What Employers Should Do Now

The Final Standards note that their use by Covered Entities is "voluntary." Use of the standards, however, is strongly encouraged, and compliance will be viewed favorably both by the public and regulating agencies. The Agencies may choose to revisit their voluntary approach in the future, and entities that have been in compliance will be better prepared for any mandatory standards that may be issued or any review undertaken by the Agencies. Therefore, Covered Entities should consider taking the following actions:

  • Identify a person/committee responsible for diversity and inclusion.
  • Create diversity and inclusion policies for employees and suppliers.
  • Incorporate diversity considerations into strategic plans for hiring, retention, and promotion.
  • Establish action-oriented programs and practices to create both a diverse supplier pool and a diverse pool of candidates for employment.
  • Determine a method to hold management accountable for diversity/inclusion efforts (through performance appraisals, compensation decisions, or otherwise).
  • Identify and review accessible information to internally assess the diversity of employment and suppliers.
  • Consider what initiatives, efforts, or other information will be disclosed to the public and the methodology of such disclosure.

* * * *

For more information about this Advisory, please contact:

Lauri F. Rasnick
New York
Dean R. Singewald II

*Judah L. Rosenblatt, a Summer Associate (not admitted to the practice of law) in Epstein Becker Green’s New York office, contributed to the preparation of this Advisory.
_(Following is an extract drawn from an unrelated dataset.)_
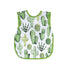 Babete Cactus Bapron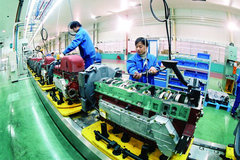 ����������� Ϋ�������ź����ȷ��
[1] Three other federal agencies that are also subject to the Act—the Federal Reserve Banks, the Department of Treasury, and the Federal Housing Finance Agency—did not participate in crafting the Final Standards.

[2] The Act also amended Section 7 of the Commodity Exchange Act (“Designation of boards of trade as contract markets”) by, in part, adding new core principles, including the core principle on “diversity of board of directors.” That core principle provides, “DIVERSITY OF BOARD OF DIRECTORS. The board of trade, if a publicly traded company, shall endeavor to recruit individuals to serve on the board of directors and the other decision-making bodies … of the board of trade from among, and to have the composition of the bodies reflect, a broad and culturally diverse pool of qualified candidates.” All boards of trade designated as contract markets are required to demonstrate compliance with each core principle as a condition of obtaining and maintaining designation as such.
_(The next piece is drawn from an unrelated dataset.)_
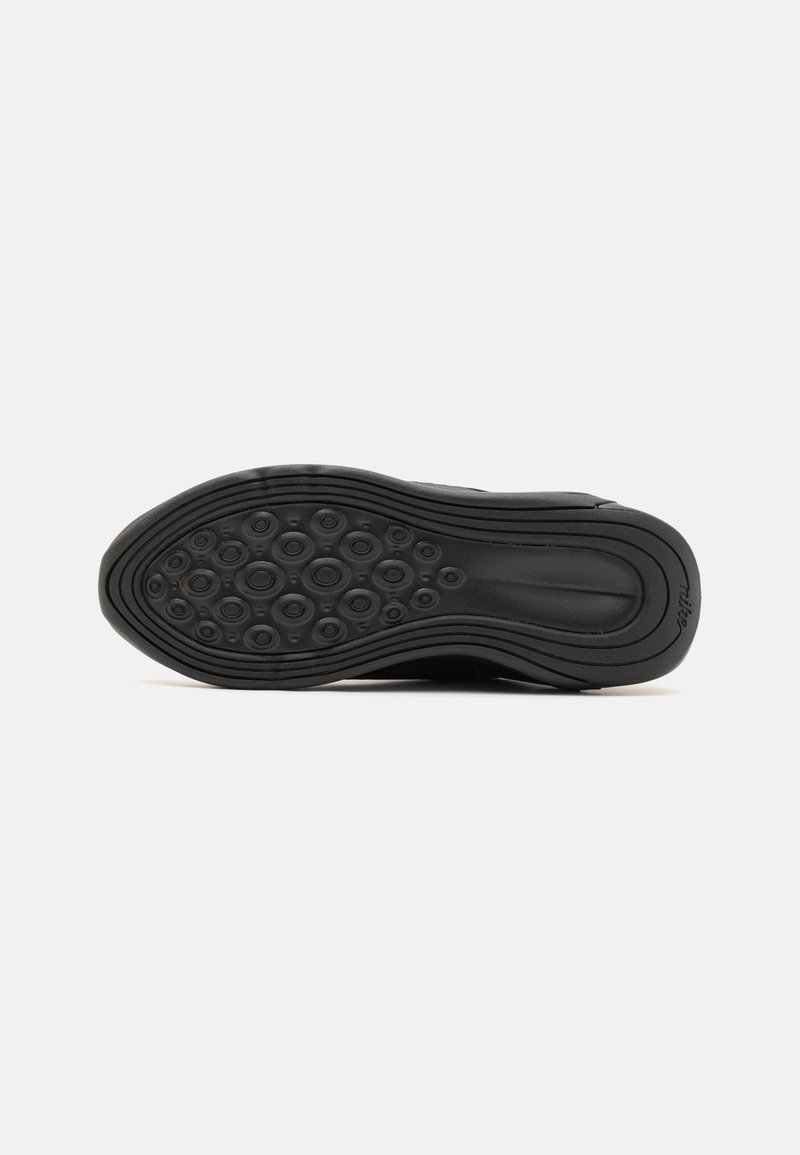 Nike Performance Nike Performance INFINITY FLOW UNISEX - Neutral running shoes 50% Rabatt mit kostenlosem Versand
[3] The EEO-1 Report defines race and ethnicity categories as Hispanic or Latino, White (Not Hispanic or Latino), Black or African American (Not Hispanic or Latino), Native Hawaiian or Other Pacific Islander (Not Hispanic or Latino), Asian (Not Hispanic or Latino), American Indian or Alaska Native (Not Hispanic or Latino), and Two or More Races (Not Hispanic or Latino). The EEO-1 Report is available here.